As much as the new immigrants arrived in great numbers, they similarly departed in large numbers unlike the earlier immigrants.[5] Mostly male and young had one major goal, to earn enough money in their temporary stay in America to afford an increased standard of living on return home. Between 50 to 80 percent of the new immigrants are believed to have returned home eventually. The development of the large, thriving immigrant communities generated backlash among native-born Americans that they were losing their cities to the “undesirable: newcomers

List of References

 

Dalla, Rochelle L. 2008. Strengths and Challenges of New Immigrant Families : Implications for Research, Education, Policy, and Service.

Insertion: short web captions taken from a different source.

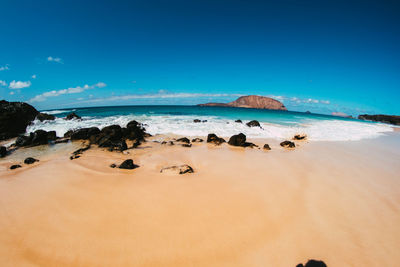 Scenic view of beach against blue sky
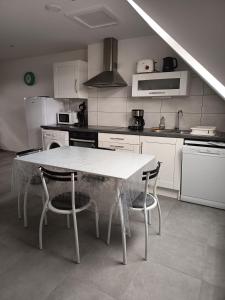 a kitchen with a white table and chairs in it at Charmant T2 Cosy - Sous les toits in Luxeuil-les-Bains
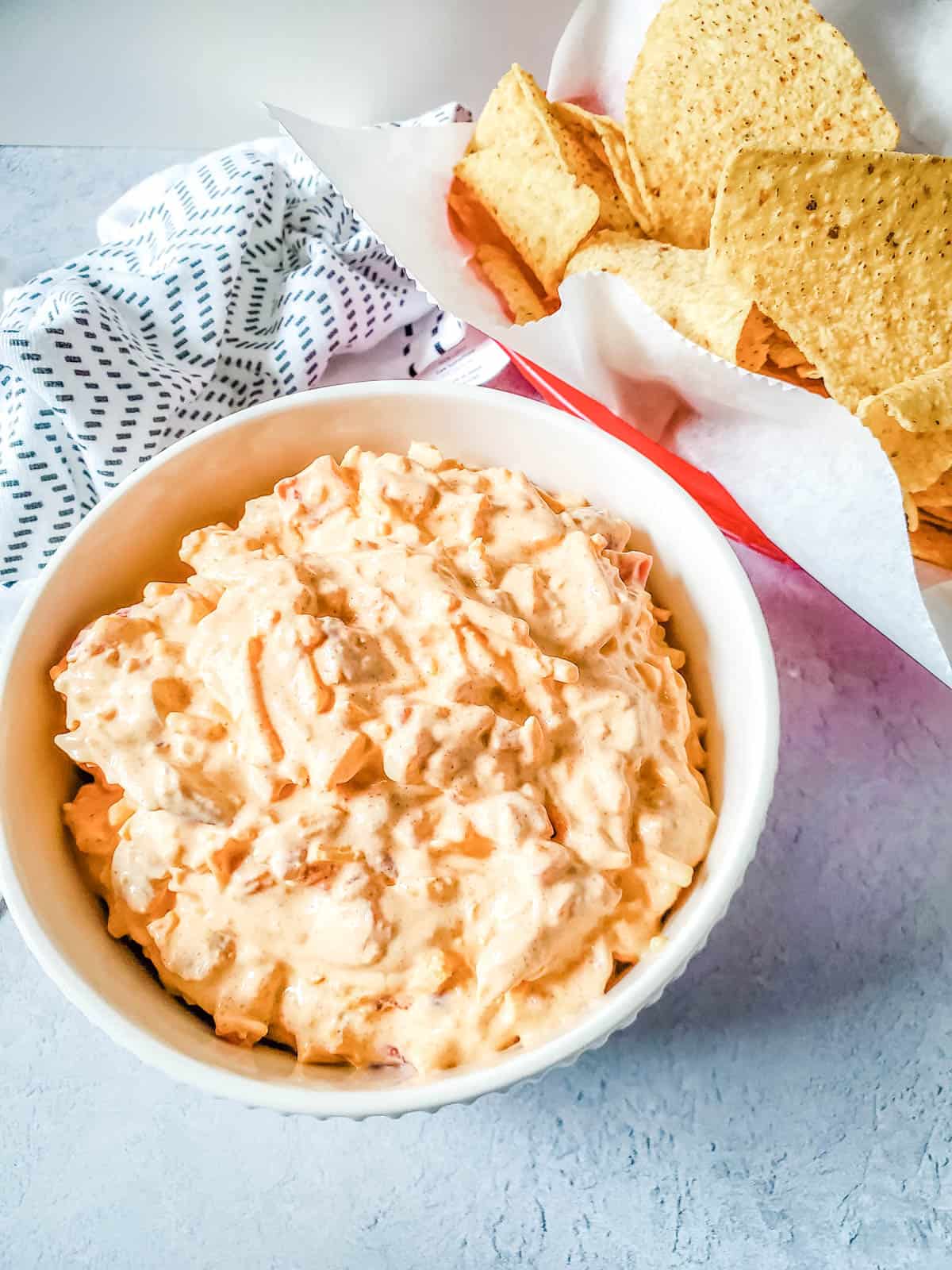 Delicious rotel boat dip with corn chips on the side.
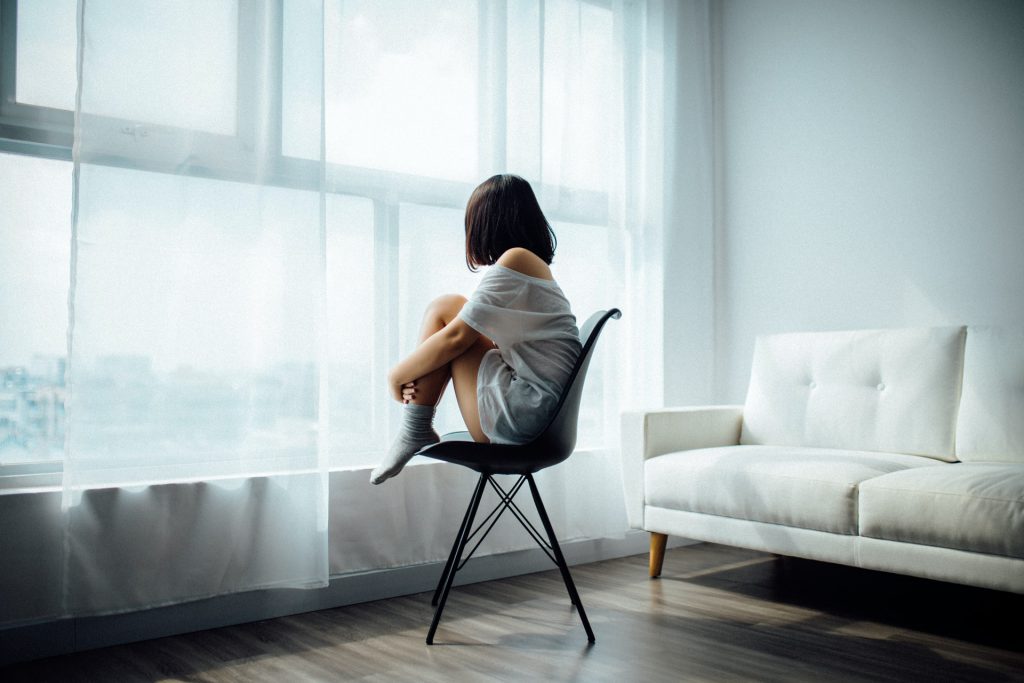 woman sitting alone Meniere's disease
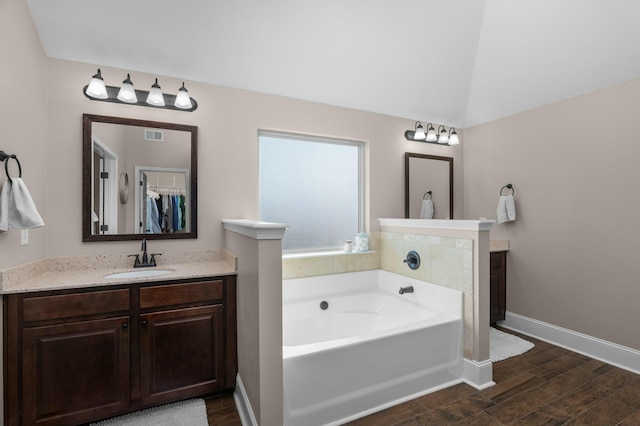 bathroom featuring wood finished floors, vanity, baseboards, vaulted ceiling, and a bath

Lanham, MD: Lexington Books, 2008.

Hall, Matthew. “Residential Integration on the New Frontier: Immigrant Segregation in Established and New Destinations.”Demography 50, no. 5 (October 2013): 1873-1896.

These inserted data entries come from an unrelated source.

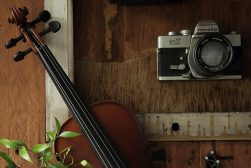 a violin and a camera on a wooden table.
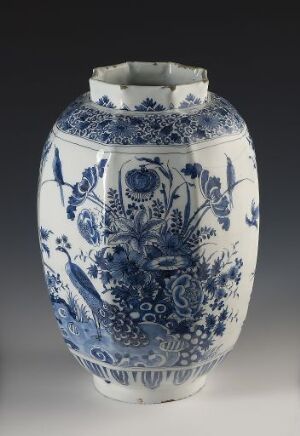  A traditional blue and white porcelain vase with scalloped rim and intricate floral and decorative designs on a gray background. The vase has a bulbous body and flared neck with varying shades of cobalt blue depicting detailed flowers, leaves, and ornamental patterns.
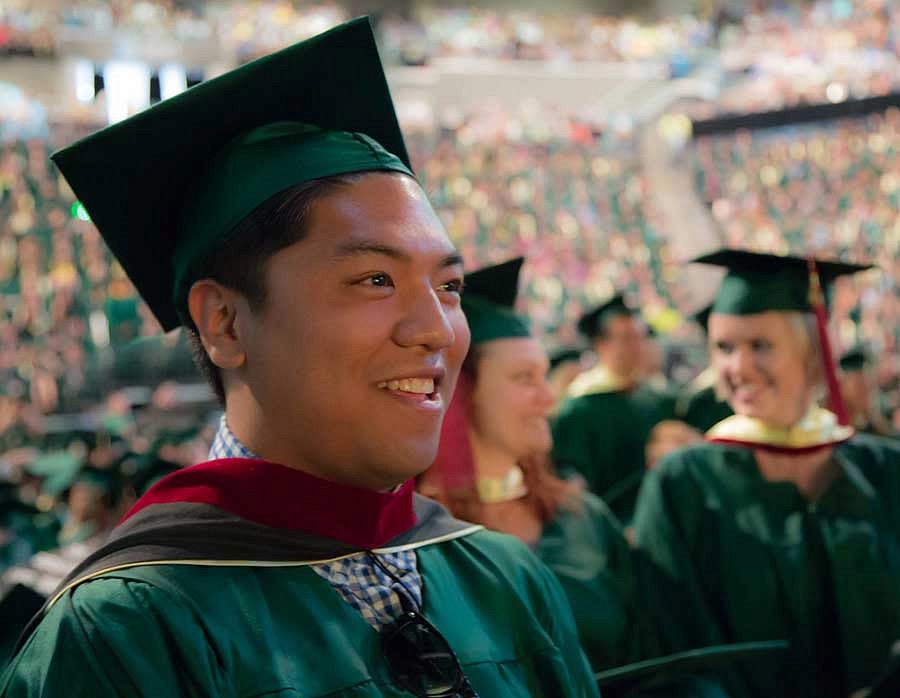 A male master's graduate at commencement A male master's graduate at commencement
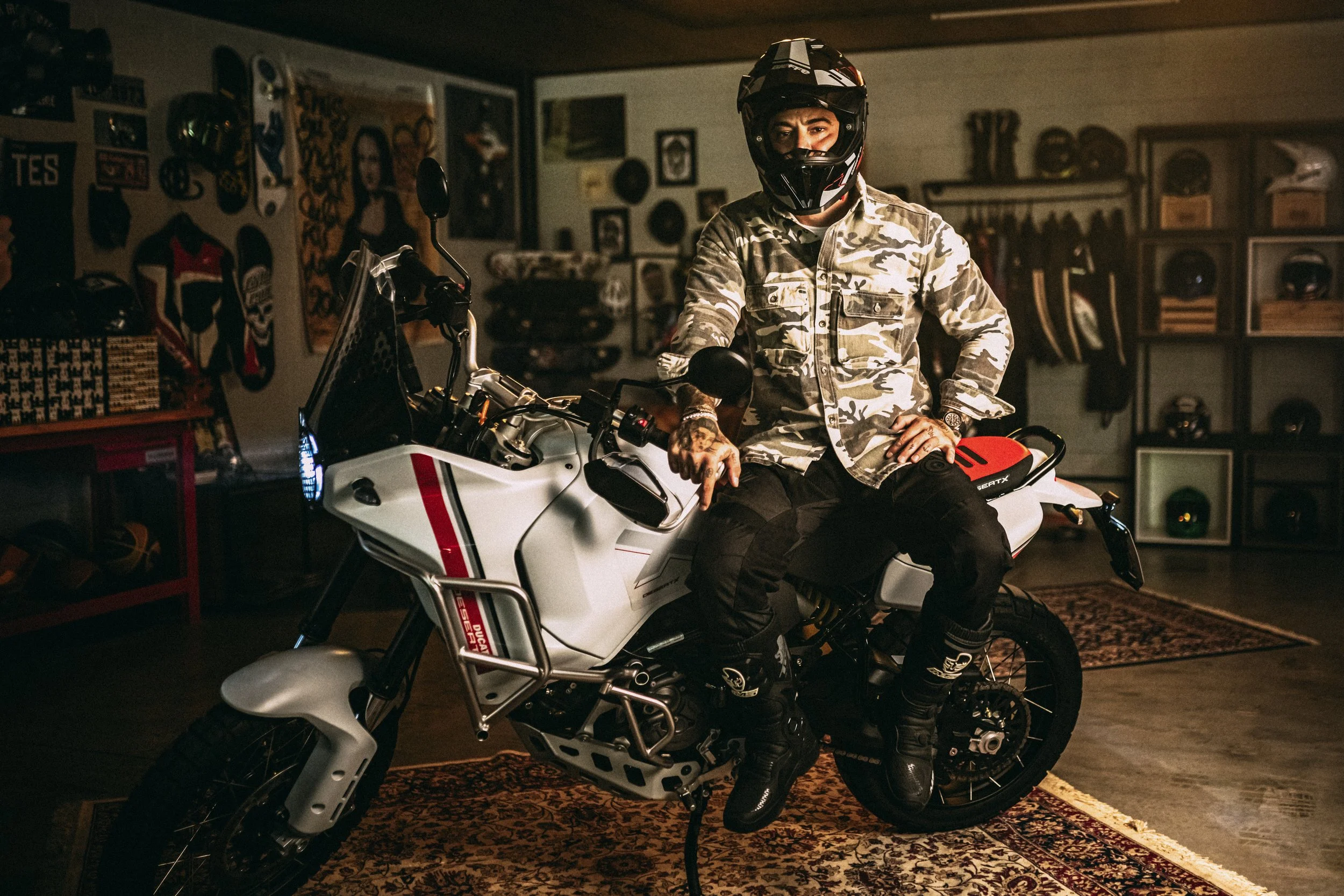 A person wearing a camouflage shirt, black pants, and a full-face helmet, sitting on a white adventure motorcycle inside a room decorated with motorcycle helmets, artwork, and memorabilia.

[1] Hall, Matthew. “Residential Integration on the New Frontier: Immigrant Segregation in Established and New Destinations.”Demography 50, no. 5 (October 2013): 1873-1896.

 

[2] Dalla, Rochelle L. 2008. Strengths and Challenges of New Immigrant Families : Implications for Research, Education, Policy, and Service. Lanham, MD: Lexington Books, 2008.

 

[3] Hall, Matthew, 2013

[4] Dalla, Rochelle L. 2008. Strengths and Challenges of New Immigrant Families : Implications for Research, Education, Policy, and Service. Lanham, MD: Lexington Books, 2008.

 

[5] Hall, Matthew. “Residential Integration on the New Frontier: Immigrant Segregation in Established and New Destinations.”Demography 50, no. 5 (October 2013): 1873-1896.

 

[6] Dalla, Rochelle L. 2008.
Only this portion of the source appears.